> _Task to complete_: An exact copy of the data is needed, but without any of its images.

> _Task inputs_:

- Opening Delimiter -

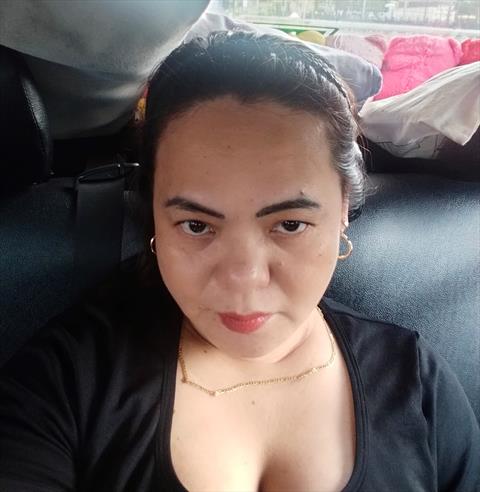 chrex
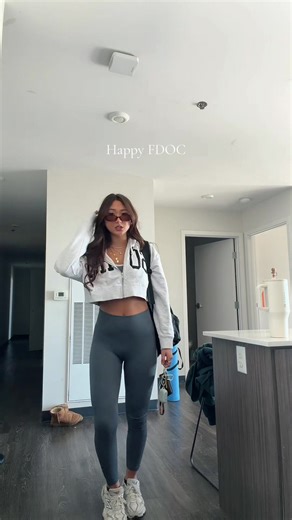 We backkk #asu | asu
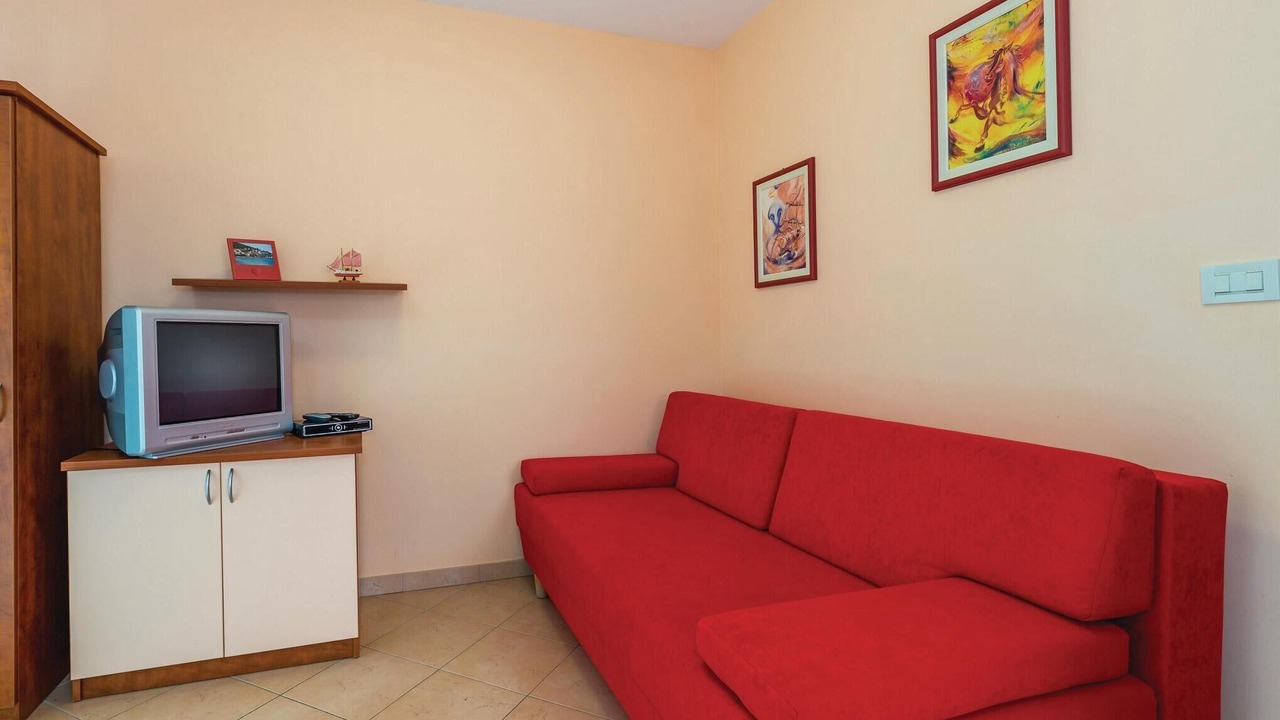 Photo of Bedroom in Sucici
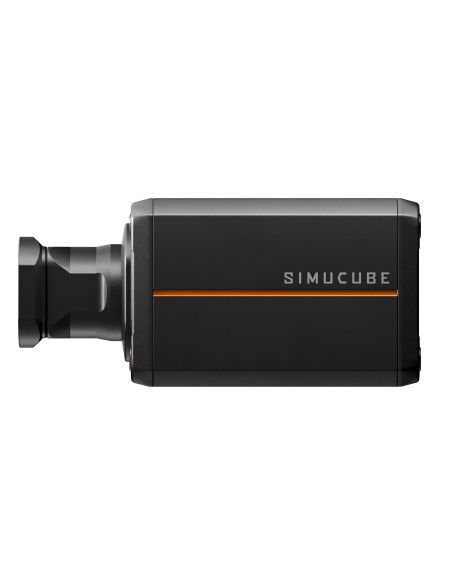 Simucube 3 – 70 mm Adaptér | RaceGear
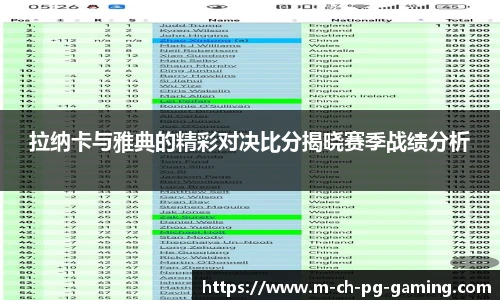 pg模拟器网址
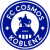 Cosmos Koblenz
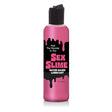 Sex Slime - Pink Water Based Lubricant - 120 ml Bottle - Naughty by Nature Adult Store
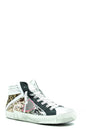 PHILIPPE MODEL women's sneakers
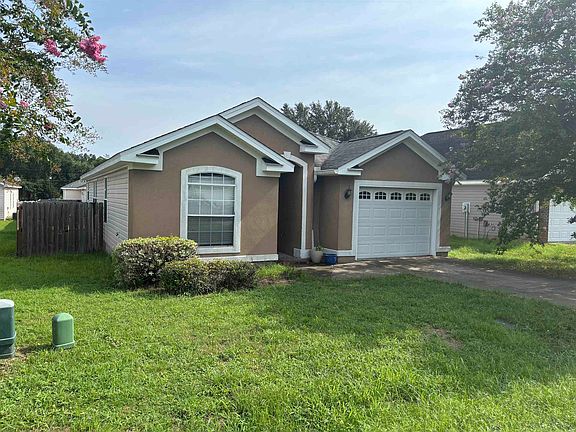 2nd image of 5261 Montejo Dr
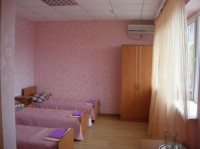  3-  -   RCC-TRAVEL.RU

- Closing Delimiter -

> _Result below_:
 chrex
 We backkk #asu | asu
 Photo of Bedroom in Sucici
 Simucube 3 – 70 mm Adaptér | RaceGear
 pg模拟器网址
 Cosmos Koblenz
 Sex Slime - Pink Water Based Lubricant - 120 ml Bottle - Naughty by Nature Adult Store
 PHILIPPE MODEL women's sneakers
 2nd image of 5261 Montejo Dr
  3-  -   RCC-TRAVEL.RU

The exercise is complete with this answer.